A Class A 6.0... wouldn't be a "waste" but it really wouldn't be putting that sweet near-class-A amp to proper use... 

It'd drive the subs for sure in high current mode, I would assume D4 subs, for a final of 1ohm... which really wouldn't be giving you full potential of that amp, being the class A was said to do 1/2 and 1/4ohm.. 

My take on it...


----------



## smgreen20 (Oct 13, 2006)

I'd put it elsewhere in the system, as your subs are D6's, the lowest you could get is 1.5 ohms and of 1 isn't getting all its worth, 1.5 sure as [email protected]! won't.


----------



## rynfarrell (Apr 11, 2011)

ya I was thinking the same. I might try and pick up a Precision Power A600.2 or maybe a Phoenix Gold ZX 500.
Any other recommendations?


----------



## sqshoestring (Jun 19, 2007)

I would recommend the old original SS rubicons. I ran a 302 on a single 12 and it was loud, unfortunately a SPL small sealed I didn't like, but the power was there no problem for a 300w. There are larger ones iirc 500rms and 1Kw?


----------



## Darth SQ (Sep 17, 2010)

rynfarrell said:


> ya I was thinking the same. I might try and pick up a Precision Power A600.2 or maybe a Phoenix Gold ZX 500.
> Any other recommendations?


There's two PPI A600.2s on ebay right now.
One looks rough around the art work, but the other looks like brand new condition.
Worth a look?

Bret
PPI-ART COLLECTOR


----------



## rynfarrell (Apr 11, 2011)

Ya ive been watching those PPI's. I will keep an eye out for the rubicon's as well. Thanks doods!

How much do the A100's really push out? Maybe 50x2?


----------



## Aaron'z 2.5RS/WRX (Oct 24, 2007)

I'd put the 6.0 on a set of 3" full rangers and bask in it... not much for power, but god I bet it'd be sweet...


----------



## Darth SQ (Sep 17, 2010)

rynfarrell said:


> Ya ive been watching those PPI's. I will keep an eye out for the rubicon's as well. Thanks doods!
> 
> How much do the A100's really push out? Maybe 50x2?

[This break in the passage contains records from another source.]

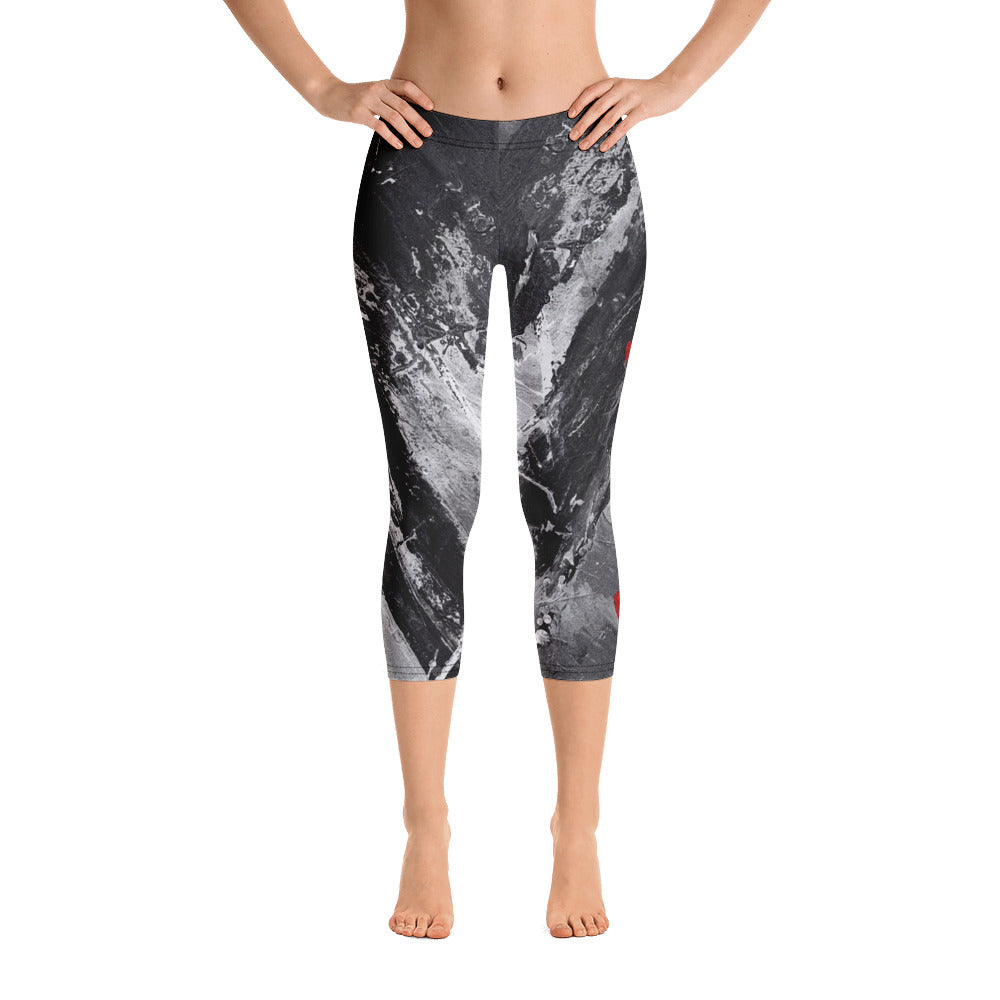 Heart Explosion Noir with Red Hearts | Women's Fine Art Regular-Waist Capris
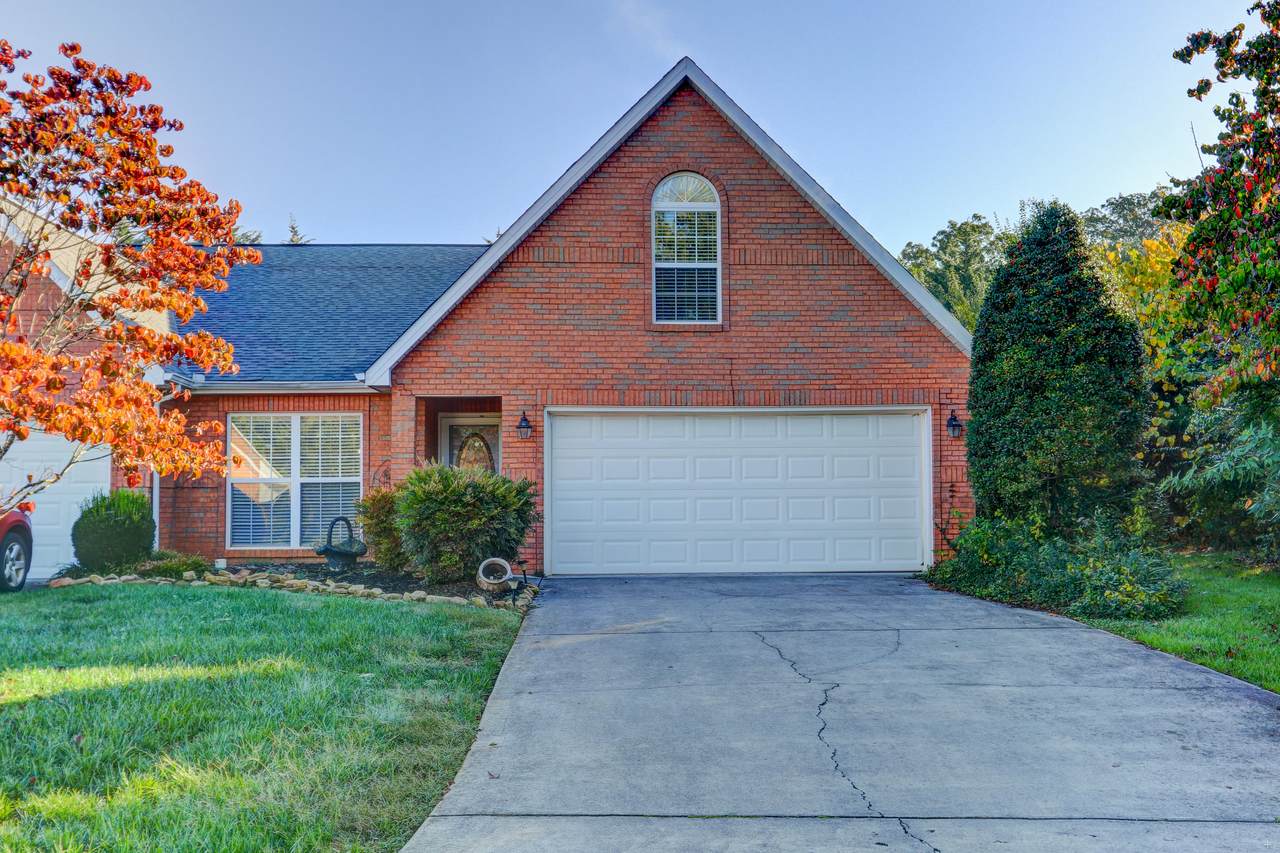 2938 Dominion Drive - Photo 1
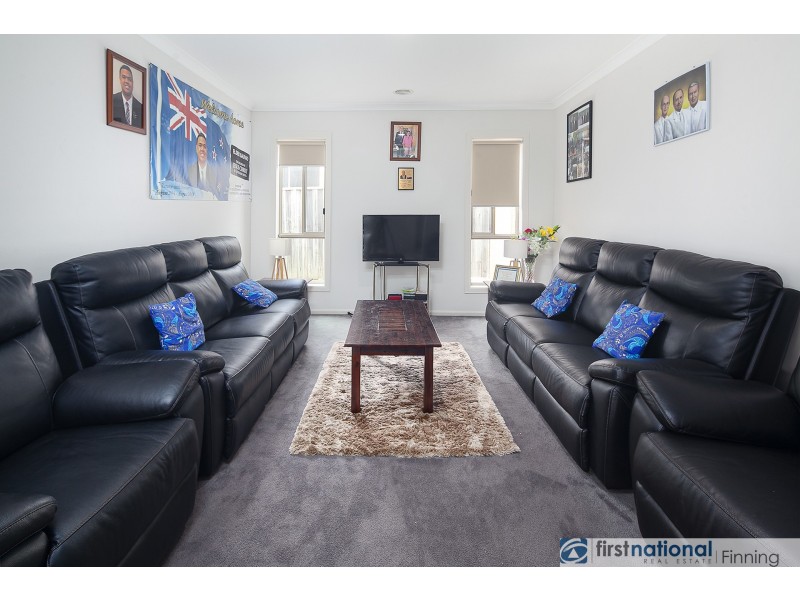 14 Pepperbush Circuit, Cranbourne VIC 3977
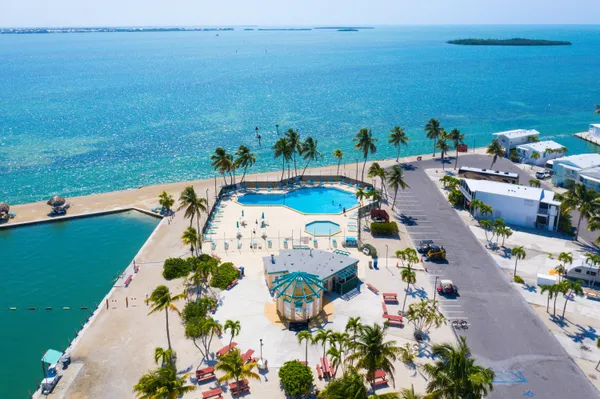 $985,000 | 701 Spanish Main Drive, Unit 51, Cudjoe, FL 33042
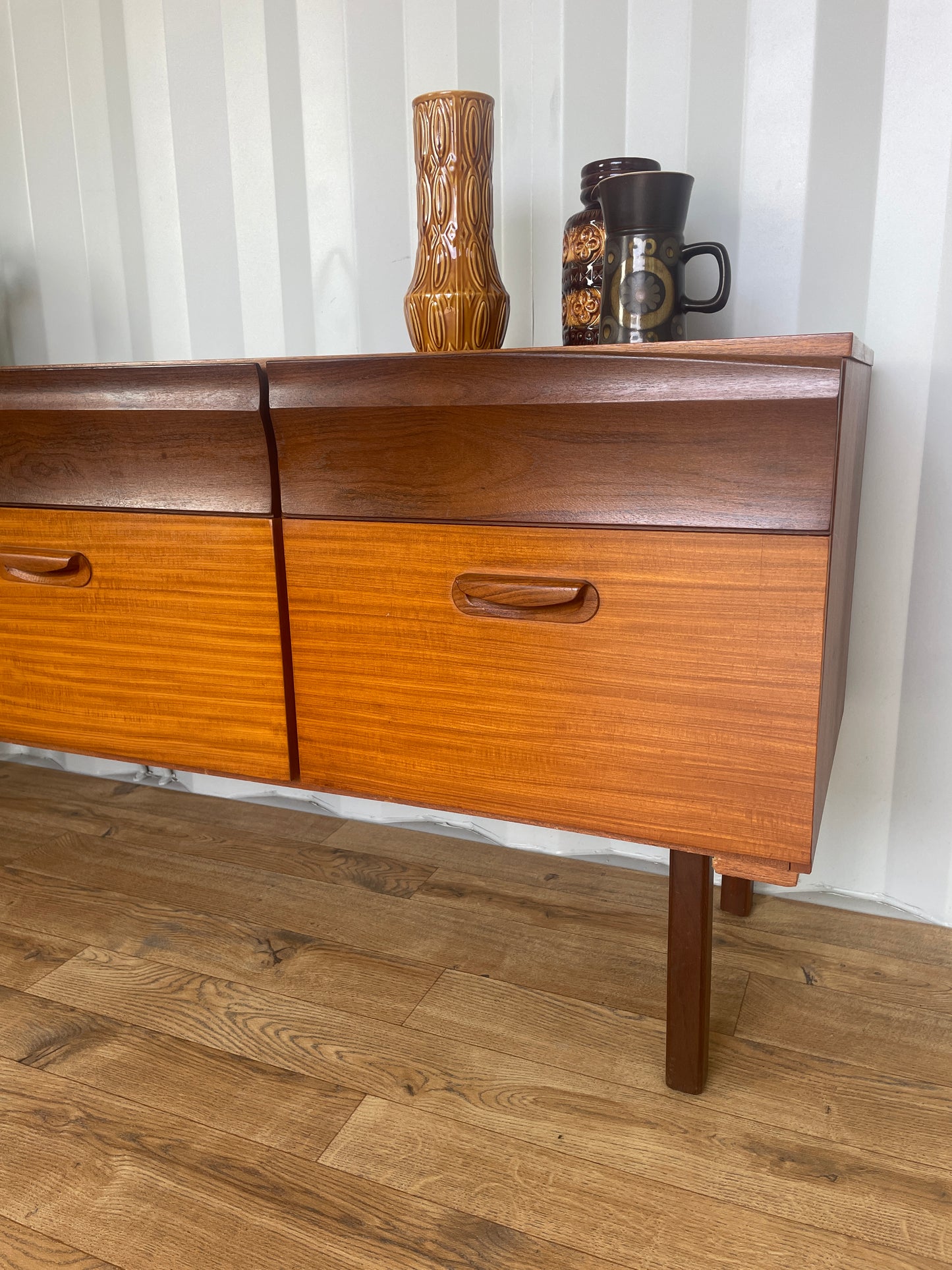 Mid-Century 6 Drawer Teak Sideboard - Vintage Retro Scandi Storage Cabinet TV Unit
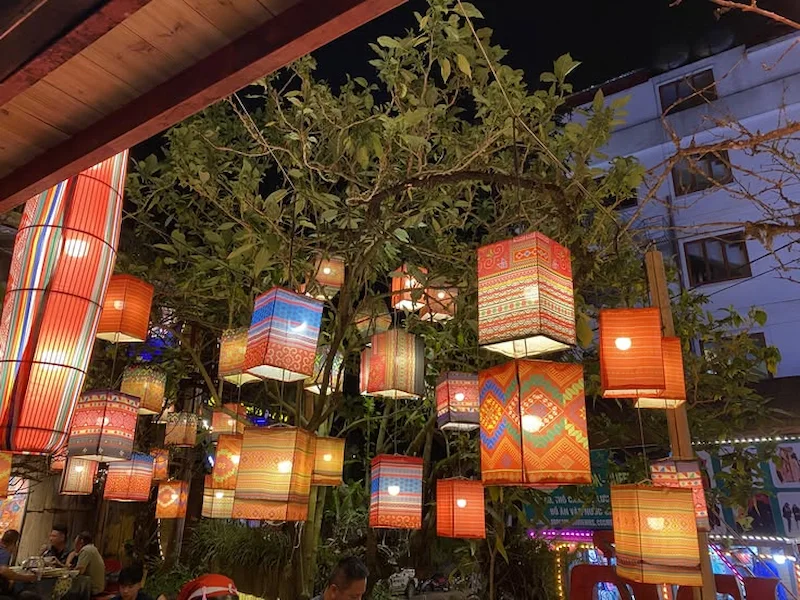 trang trí trung thu quán cà phê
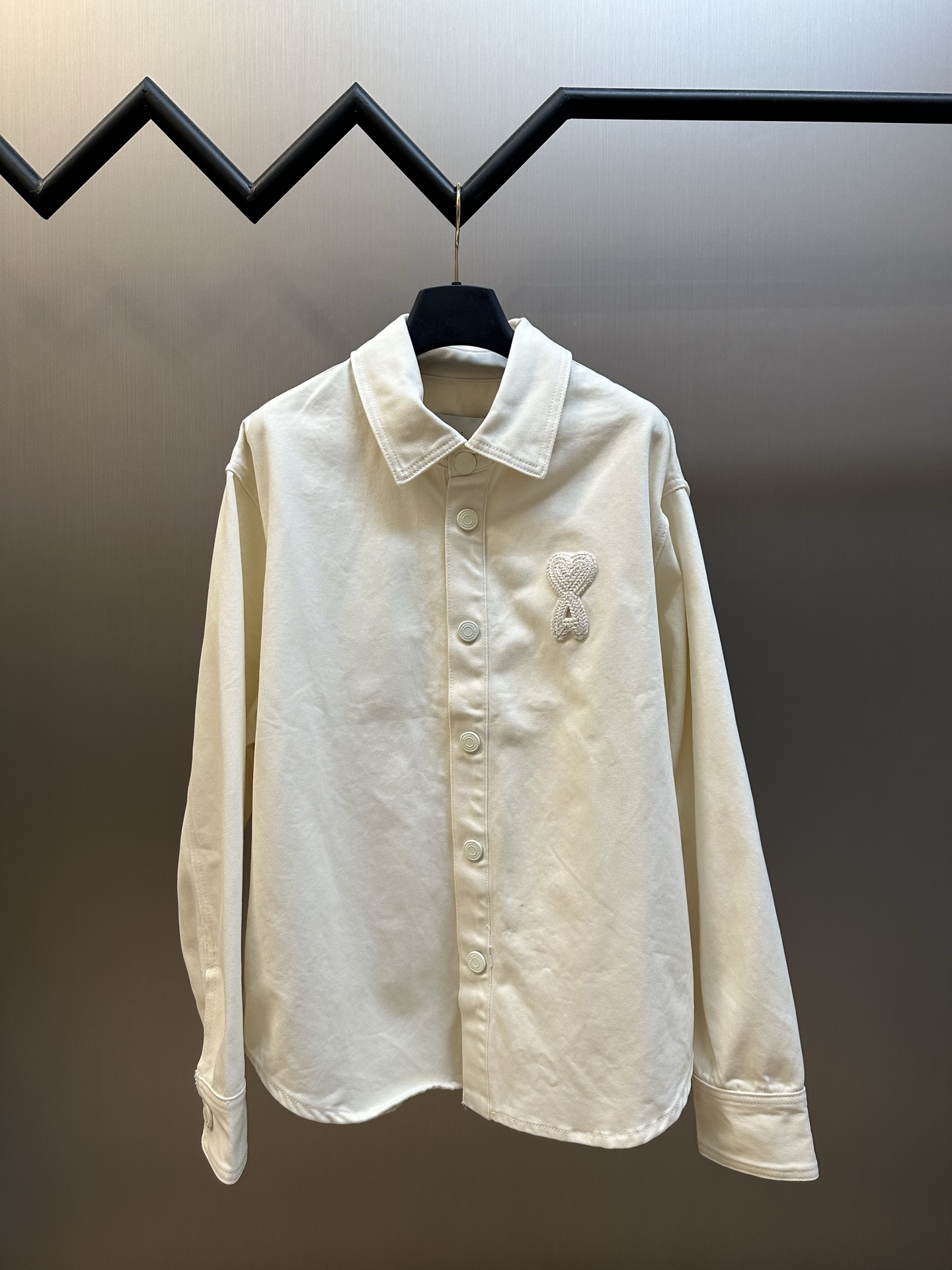 p275 Ami 编织爱心牛仔外套 定制凝脂柔光精梳棉 胸口编织爱心徽标，以细密针脚融于衣身肌理，自带世家标识度，极简衬衫廓形舒展有度。 采用进口机刺绣章仔工艺，使用先进的计算机控制系统和精密的机械部件，实现Ami编织…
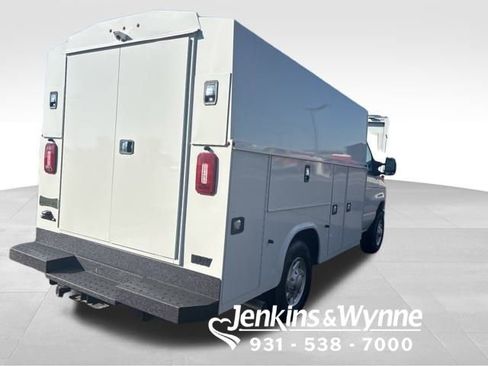 New 2025 Ford E-350 and Econoline 350 Super Duty w/ Power Equipment Group image 4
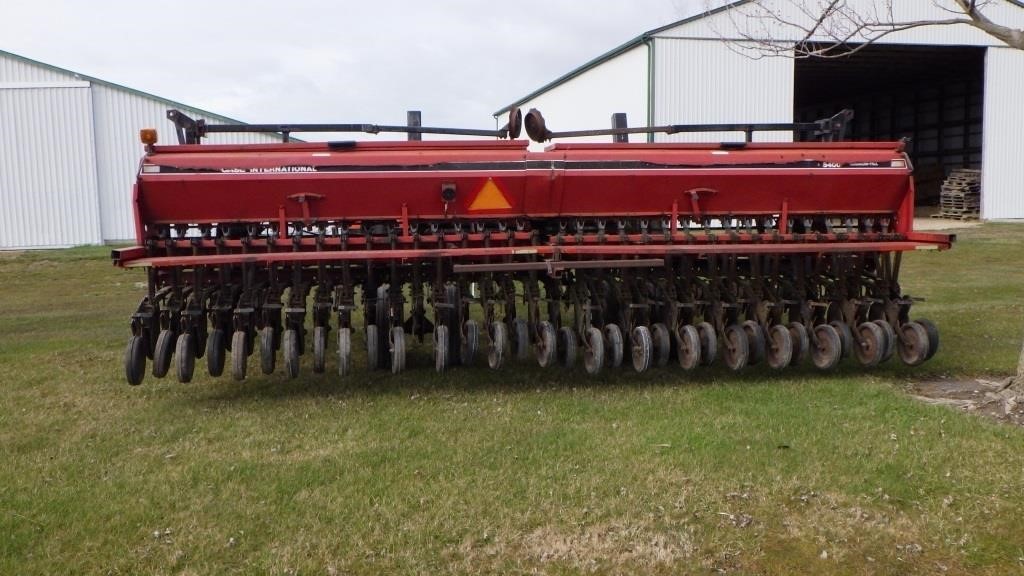 Int 5400 Grain drill w/Yetter coulter cart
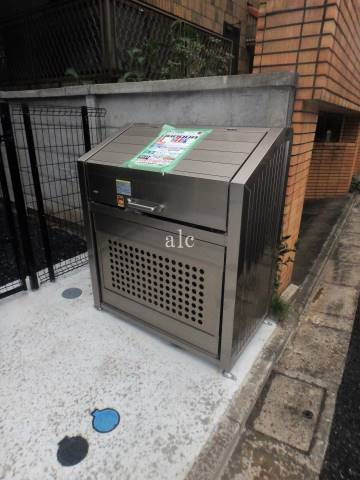 Smart space 都立家政 (スマートスペース都立家政)のエントランス|敷地内ゴミ置場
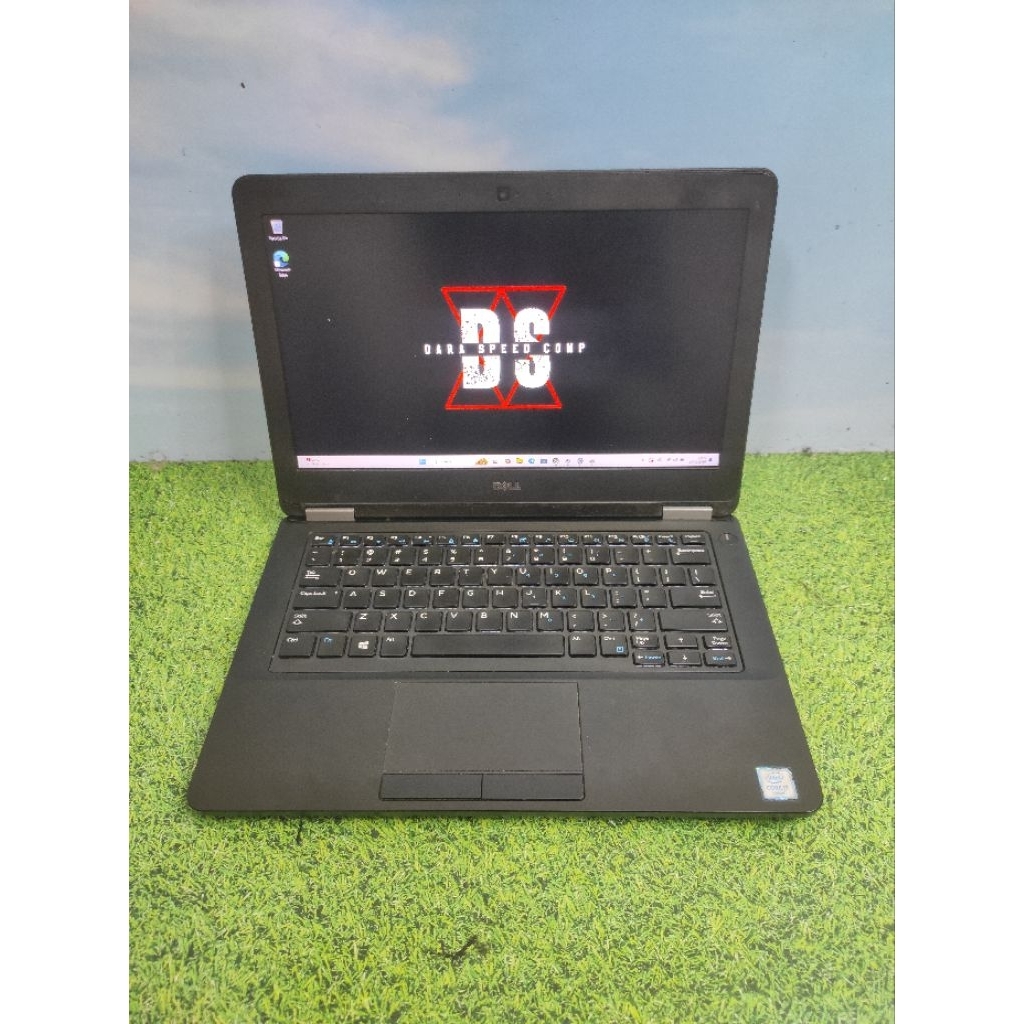 DELL LATITUDE E5270 i7-6600U / 16GB RAM / 256GB SSD / BACKLITE KEYBOARD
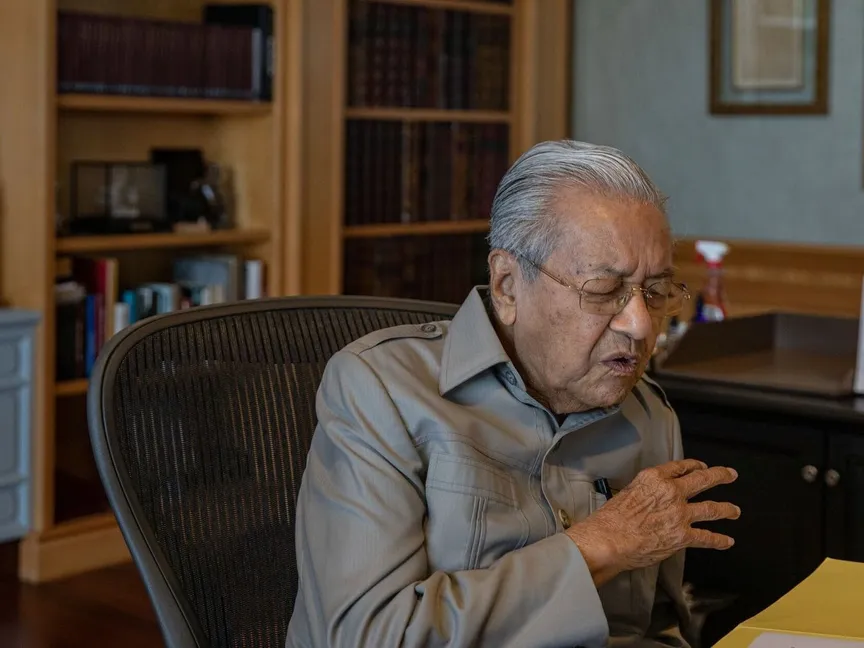 رئيس الوزراء الماليزي السابق مهاتير محمد خلال مقابلة في بوتراجايا، ماليزيا، 1 نوفمبر 2023 - Bloomberg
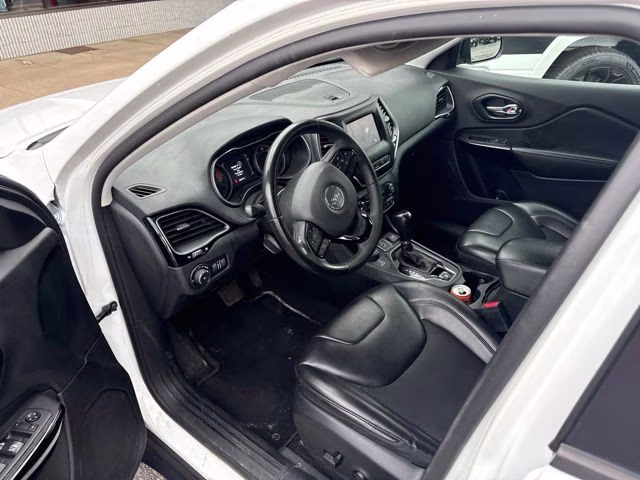 2021 Bright White Clearcoat Jeep Cherokee Altitude 4X4 SUV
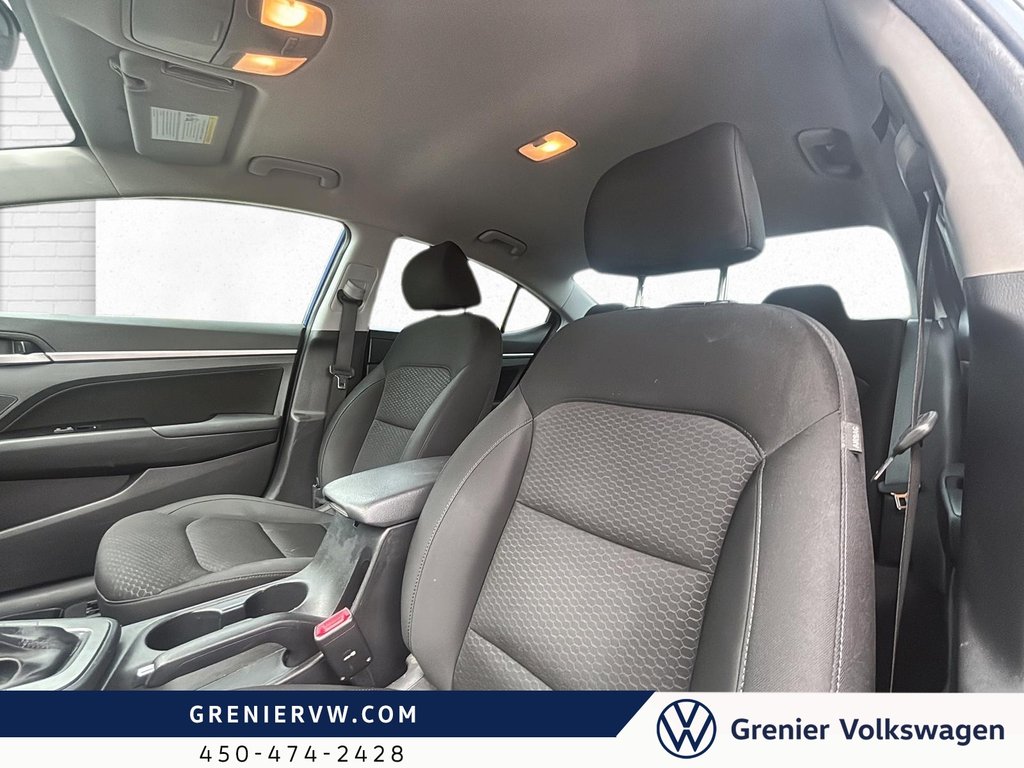 2020 Hyundai Elantra Preferred, Carplay, Caméra, Banc chauffants in Terrebonne, Quebec - 10 - w1024h768px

4 Ohms, 11-15 VDC, Stereo: 25 Watts
2 Ohms, 11-15 VDC, Stereo: 50 Watts 
4 Ohms, 11-15 VDC, Bridged: 100 Watts
Power Fuse: 20 Amp
Dimensions (inches): 2x9.25x6” 
Shipping Weight: 6 lbs.

Straight from the manual.

Bret
PPI-ART COLLECTOR


----------



## rynfarrell (Apr 11, 2011)

Cool thanks!


----------



## Old Skewl (May 30, 2011)

Save the class A for the components. The benefit of the class A will be noticed more in the mid and upper frequencies. Pick up a reference 300 or 500 for the subs. Or maybe two reference 300s?!?!


----------